Assignment: Copy word for word, please, the lines of the entries below running from the one containing "Courbe de l'humidit relative pour Albi (81)" to the one containing "10 mg alfuzosin visa", both ends included.

Short descriptive text snippets
---*---

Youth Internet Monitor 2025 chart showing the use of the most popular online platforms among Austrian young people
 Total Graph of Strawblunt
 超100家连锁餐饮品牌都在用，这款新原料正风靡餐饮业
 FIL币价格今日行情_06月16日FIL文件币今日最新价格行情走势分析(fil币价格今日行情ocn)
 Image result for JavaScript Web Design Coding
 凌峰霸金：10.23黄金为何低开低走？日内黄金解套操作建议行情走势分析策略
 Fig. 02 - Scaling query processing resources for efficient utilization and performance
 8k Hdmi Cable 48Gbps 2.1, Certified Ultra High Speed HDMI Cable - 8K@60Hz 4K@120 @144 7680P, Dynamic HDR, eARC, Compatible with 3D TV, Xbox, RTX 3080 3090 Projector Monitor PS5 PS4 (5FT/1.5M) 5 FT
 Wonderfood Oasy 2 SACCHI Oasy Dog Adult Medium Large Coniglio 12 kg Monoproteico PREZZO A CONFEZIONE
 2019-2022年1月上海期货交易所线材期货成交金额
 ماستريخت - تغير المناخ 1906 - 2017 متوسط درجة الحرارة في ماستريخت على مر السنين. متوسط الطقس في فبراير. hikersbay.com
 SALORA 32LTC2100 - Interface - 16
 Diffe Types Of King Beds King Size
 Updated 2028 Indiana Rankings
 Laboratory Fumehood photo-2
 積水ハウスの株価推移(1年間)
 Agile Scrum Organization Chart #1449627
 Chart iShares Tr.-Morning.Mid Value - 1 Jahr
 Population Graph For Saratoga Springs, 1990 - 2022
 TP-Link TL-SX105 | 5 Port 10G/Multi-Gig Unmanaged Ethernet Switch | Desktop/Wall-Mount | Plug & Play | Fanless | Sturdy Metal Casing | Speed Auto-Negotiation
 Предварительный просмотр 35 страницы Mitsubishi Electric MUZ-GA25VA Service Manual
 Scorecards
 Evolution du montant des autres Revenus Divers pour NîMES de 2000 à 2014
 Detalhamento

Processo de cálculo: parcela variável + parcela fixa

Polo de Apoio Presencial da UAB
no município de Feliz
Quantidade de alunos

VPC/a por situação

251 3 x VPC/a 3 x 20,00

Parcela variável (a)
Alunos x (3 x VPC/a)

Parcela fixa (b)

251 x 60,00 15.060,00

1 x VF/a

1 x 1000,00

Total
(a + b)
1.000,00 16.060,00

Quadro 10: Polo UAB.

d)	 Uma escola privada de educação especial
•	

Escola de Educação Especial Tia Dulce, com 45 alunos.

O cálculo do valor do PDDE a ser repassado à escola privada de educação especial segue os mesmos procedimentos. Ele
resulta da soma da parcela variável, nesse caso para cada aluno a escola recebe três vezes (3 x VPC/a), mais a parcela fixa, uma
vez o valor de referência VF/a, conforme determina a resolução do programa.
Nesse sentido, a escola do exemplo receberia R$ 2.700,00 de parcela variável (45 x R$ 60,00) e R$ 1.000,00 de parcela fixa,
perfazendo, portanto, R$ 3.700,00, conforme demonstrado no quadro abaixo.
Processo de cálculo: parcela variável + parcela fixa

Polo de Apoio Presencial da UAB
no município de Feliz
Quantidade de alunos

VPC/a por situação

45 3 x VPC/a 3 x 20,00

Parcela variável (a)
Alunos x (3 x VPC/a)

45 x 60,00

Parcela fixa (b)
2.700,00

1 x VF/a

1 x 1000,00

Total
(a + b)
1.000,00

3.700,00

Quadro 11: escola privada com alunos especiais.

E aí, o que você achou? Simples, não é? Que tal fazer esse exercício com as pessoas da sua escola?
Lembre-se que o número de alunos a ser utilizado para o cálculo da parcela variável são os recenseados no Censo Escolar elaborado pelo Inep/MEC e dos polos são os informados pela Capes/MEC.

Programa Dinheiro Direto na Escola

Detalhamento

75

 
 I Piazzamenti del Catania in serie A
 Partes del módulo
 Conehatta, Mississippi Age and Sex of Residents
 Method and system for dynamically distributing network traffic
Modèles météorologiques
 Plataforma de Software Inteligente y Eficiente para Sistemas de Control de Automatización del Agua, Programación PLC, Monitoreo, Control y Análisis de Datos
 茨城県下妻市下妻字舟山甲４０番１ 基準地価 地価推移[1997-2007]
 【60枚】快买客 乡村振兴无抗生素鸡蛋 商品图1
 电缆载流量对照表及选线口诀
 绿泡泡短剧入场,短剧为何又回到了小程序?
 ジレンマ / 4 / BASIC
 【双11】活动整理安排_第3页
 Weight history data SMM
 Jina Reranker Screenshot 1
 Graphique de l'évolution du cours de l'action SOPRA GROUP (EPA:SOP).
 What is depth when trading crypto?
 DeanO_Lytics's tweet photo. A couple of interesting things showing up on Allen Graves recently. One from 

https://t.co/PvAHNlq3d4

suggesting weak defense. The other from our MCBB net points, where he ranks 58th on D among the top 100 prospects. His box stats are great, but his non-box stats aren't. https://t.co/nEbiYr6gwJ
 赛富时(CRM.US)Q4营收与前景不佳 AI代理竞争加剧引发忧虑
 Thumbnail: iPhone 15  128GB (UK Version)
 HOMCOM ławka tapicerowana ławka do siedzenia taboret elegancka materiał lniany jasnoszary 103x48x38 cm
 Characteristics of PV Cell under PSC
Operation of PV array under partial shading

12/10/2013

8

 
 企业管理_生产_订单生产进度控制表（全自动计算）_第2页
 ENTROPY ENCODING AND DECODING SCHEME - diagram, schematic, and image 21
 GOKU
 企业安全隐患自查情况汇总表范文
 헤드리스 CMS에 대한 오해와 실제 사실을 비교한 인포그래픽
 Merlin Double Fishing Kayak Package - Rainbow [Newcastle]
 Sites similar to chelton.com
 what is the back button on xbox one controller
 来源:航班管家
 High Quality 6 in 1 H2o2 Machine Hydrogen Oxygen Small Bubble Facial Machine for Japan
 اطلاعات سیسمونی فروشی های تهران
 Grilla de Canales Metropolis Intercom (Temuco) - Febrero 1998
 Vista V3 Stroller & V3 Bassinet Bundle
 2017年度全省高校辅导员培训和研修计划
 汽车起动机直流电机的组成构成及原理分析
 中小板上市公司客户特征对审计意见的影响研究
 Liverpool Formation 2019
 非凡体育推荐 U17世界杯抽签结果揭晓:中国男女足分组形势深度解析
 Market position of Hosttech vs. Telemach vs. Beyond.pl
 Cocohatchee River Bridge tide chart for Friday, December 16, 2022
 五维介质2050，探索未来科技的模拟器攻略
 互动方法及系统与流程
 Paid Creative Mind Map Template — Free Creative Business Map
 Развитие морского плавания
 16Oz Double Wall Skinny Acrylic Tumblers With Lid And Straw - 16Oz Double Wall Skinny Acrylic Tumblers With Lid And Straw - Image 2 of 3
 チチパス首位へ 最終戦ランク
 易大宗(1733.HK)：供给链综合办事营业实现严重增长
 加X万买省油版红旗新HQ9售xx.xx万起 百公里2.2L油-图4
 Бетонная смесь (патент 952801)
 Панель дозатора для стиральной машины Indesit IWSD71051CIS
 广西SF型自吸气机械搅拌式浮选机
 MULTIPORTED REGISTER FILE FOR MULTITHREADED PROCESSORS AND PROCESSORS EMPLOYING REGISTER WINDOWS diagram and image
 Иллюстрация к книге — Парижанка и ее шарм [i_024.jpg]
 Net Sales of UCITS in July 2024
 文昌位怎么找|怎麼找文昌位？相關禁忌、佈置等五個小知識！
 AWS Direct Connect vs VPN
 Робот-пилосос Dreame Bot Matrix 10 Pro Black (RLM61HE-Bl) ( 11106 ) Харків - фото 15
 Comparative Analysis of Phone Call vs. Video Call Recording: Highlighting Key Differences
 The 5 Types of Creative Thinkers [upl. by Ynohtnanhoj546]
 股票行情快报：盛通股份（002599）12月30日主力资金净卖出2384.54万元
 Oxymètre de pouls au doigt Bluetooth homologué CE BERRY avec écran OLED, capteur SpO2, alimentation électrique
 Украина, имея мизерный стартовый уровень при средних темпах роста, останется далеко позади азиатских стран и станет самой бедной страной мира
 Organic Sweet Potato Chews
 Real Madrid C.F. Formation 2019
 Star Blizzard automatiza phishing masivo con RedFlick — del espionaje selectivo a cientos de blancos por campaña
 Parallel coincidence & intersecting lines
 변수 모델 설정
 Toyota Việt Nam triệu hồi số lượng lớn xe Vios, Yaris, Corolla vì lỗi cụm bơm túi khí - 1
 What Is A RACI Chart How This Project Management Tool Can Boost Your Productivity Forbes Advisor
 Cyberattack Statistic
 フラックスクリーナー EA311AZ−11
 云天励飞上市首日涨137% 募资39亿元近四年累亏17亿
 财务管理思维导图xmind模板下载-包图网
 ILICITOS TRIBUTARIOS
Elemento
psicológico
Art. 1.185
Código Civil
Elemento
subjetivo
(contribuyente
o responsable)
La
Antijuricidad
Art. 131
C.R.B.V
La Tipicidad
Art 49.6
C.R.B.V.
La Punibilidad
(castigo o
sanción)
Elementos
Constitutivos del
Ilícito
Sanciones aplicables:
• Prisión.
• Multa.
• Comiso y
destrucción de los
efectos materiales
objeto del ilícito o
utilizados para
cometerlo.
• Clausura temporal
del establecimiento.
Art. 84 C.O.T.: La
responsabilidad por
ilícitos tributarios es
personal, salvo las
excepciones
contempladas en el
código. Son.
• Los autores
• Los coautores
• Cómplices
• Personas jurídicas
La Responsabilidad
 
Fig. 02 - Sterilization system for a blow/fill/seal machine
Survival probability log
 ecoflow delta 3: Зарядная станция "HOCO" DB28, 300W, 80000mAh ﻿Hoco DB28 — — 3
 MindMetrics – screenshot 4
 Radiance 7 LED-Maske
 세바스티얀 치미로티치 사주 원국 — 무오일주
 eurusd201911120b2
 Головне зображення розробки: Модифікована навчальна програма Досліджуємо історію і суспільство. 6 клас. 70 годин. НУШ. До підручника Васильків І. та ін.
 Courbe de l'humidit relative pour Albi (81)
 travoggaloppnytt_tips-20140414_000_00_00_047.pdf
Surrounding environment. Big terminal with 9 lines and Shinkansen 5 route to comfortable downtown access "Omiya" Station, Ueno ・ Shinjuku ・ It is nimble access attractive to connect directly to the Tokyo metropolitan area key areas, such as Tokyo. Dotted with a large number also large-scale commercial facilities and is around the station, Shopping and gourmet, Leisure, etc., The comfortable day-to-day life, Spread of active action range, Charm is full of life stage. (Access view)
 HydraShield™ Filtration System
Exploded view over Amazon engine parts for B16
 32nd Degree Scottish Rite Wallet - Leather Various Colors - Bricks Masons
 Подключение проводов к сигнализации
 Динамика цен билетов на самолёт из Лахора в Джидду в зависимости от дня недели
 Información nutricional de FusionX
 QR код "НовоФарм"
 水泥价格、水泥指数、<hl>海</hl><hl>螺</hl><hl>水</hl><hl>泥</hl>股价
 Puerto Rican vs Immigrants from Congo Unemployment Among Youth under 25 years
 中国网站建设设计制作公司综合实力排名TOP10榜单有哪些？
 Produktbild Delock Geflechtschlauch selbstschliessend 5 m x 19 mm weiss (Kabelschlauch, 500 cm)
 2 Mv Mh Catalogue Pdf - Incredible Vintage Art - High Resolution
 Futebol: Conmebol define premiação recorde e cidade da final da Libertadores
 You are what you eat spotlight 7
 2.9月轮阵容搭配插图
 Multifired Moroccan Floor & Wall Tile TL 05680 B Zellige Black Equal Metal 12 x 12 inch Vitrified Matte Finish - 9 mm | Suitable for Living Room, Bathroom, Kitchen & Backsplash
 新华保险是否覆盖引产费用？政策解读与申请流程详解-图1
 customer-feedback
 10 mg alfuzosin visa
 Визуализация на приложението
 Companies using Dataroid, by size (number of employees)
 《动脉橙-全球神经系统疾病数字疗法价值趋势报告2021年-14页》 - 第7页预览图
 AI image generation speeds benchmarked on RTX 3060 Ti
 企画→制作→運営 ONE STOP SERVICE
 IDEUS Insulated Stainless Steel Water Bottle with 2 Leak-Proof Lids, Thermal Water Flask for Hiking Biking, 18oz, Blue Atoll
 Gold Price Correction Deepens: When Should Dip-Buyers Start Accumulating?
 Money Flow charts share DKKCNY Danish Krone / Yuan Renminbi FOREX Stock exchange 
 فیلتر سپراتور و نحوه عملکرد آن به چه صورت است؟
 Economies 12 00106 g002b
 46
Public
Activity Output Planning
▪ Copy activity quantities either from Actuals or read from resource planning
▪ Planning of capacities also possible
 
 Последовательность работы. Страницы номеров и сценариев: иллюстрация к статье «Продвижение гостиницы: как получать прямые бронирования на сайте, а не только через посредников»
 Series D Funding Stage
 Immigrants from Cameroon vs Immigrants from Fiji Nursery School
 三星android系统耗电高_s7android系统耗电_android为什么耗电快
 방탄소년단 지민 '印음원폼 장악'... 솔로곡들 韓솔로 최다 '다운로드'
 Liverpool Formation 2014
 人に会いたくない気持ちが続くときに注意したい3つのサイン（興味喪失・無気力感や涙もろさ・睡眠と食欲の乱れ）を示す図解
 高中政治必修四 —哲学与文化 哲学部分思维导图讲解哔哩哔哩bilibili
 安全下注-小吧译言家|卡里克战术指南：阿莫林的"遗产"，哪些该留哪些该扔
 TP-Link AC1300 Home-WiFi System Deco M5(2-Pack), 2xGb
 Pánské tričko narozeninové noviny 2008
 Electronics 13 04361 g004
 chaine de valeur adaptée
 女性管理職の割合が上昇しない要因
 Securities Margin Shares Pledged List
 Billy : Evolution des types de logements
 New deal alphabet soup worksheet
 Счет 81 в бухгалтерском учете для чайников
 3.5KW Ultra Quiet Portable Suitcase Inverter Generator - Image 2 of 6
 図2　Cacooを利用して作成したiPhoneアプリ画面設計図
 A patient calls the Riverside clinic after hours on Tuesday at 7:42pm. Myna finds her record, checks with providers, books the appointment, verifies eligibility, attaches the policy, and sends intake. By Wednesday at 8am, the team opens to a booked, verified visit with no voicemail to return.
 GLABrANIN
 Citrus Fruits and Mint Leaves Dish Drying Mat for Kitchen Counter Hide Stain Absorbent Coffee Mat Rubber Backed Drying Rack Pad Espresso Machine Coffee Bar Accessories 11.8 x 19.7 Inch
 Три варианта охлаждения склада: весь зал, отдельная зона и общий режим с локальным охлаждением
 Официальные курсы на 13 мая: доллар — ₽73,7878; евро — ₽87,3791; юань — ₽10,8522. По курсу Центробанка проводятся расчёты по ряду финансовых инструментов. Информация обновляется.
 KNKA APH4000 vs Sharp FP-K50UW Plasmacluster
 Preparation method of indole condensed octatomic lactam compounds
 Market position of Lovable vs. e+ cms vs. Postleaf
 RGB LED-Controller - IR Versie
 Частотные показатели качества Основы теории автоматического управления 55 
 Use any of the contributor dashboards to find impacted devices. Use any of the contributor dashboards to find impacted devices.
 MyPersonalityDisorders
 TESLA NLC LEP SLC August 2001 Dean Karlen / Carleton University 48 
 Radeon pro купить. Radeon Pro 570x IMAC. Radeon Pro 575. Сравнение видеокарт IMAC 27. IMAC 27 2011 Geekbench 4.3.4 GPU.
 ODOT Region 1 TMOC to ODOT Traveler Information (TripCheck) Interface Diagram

---*---

Written solution:
 Courbe de l'humidit relative pour Albi (81)
 travoggaloppnytt_tips-20140414_000_00_00_047.pdf
Surrounding environment. Big terminal with 9 lines and Shinkansen 5 route to comfortable downtown access "Omiya" Station, Ueno ・ Shinjuku ・ It is nimble access attractive to connect directly to the Tokyo metropolitan area key areas, such as Tokyo. Dotted with a large number also large-scale commercial facilities and is around the station, Shopping and gourmet, Leisure, etc., The comfortable day-to-day life, Spread of active action range, Charm is full of life stage. (Access view)
 HydraShield™ Filtration System
Exploded view over Amazon engine parts for B16
 32nd Degree Scottish Rite Wallet - Leather Various Colors - Bricks Masons
 Подключение проводов к сигнализации
 Динамика цен билетов на самолёт из Лахора в Джидду в зависимости от дня недели
 Información nutricional de FusionX
 QR код "НовоФарм"
 水泥价格、水泥指数、<hl>海</hl><hl>螺</hl><hl>水</hl><hl>泥</hl>股价
 Puerto Rican vs Immigrants from Congo Unemployment Among Youth under 25 years
 中国网站建设设计制作公司综合实力排名TOP10榜单有哪些？
 Produktbild Delock Geflechtschlauch selbstschliessend 5 m x 19 mm weiss (Kabelschlauch, 500 cm)
 2 Mv Mh Catalogue Pdf - Incredible Vintage Art - High Resolution
 Futebol: Conmebol define premiação recorde e cidade da final da Libertadores
 You are what you eat spotlight 7
 2.9月轮阵容搭配插图
 Multifired Moroccan Floor & Wall Tile TL 05680 B Zellige Black Equal Metal 12 x 12 inch Vitrified Matte Finish - 9 mm | Suitable for Living Room, Bathroom, Kitchen & Backsplash
 新华保险是否覆盖引产费用？政策解读与申请流程详解-图1
 customer-feedback
 10 mg alfuzosin visa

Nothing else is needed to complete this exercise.